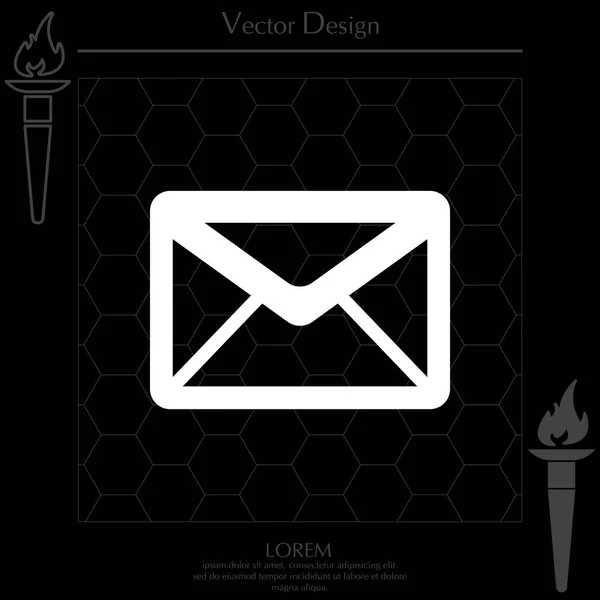 Diseño del icono Mensaje — Vector de stock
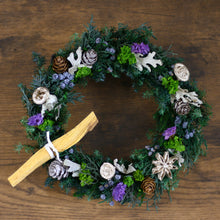 画像をギャラリービューアに読み込む, Christmas Wreath M -Palo Santo
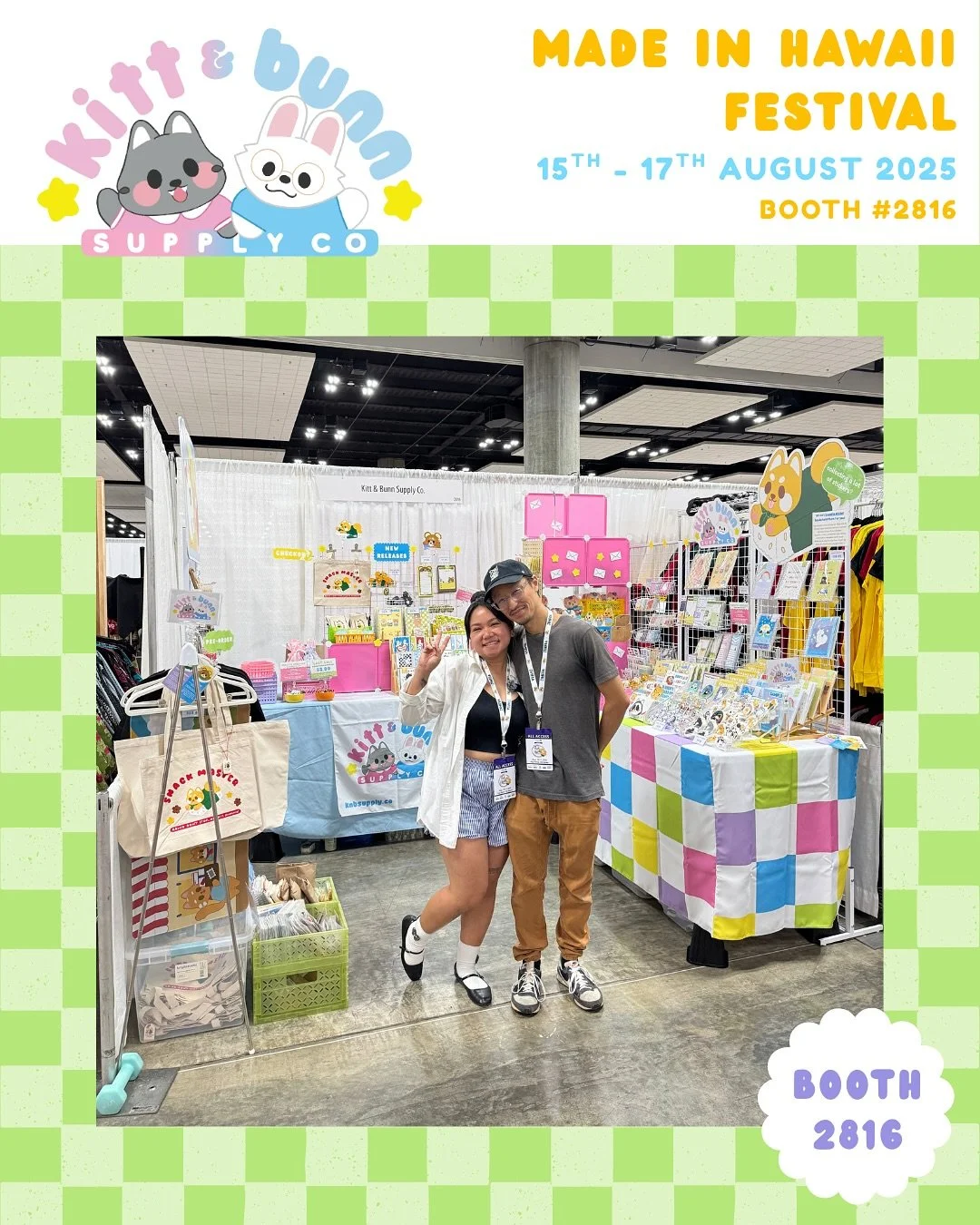📣 SEE YOU THIS WEEKEND ~ we have been working day in, day out, before work &amp; after work but it has been worth every ounce of effort 🥹 I can&rsquo;t wait to see everyone enjoy our little booth at @madeinhi ~

For most of you who didn&rsquo;t kno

_AIM OF THE TASK_
When you reproduce the data shown above, keep each line exact and omit every picture.

_OUTPUT OF THE TASK_
 Diseño del icono Mensaje — Vector de stock
 画像をギャラリービューアに読み込む, Christmas Wreath M -Palo Santo
📣 SEE YOU THIS WEEKEND ~ we have been working day in, day out, before work &amp; after work but it has been worth every ounce of effort 🥹 I can&rsquo;t wait to see everyone enjoy our little booth at @madeinhi ~

For most of you who didn&rsquo;t kno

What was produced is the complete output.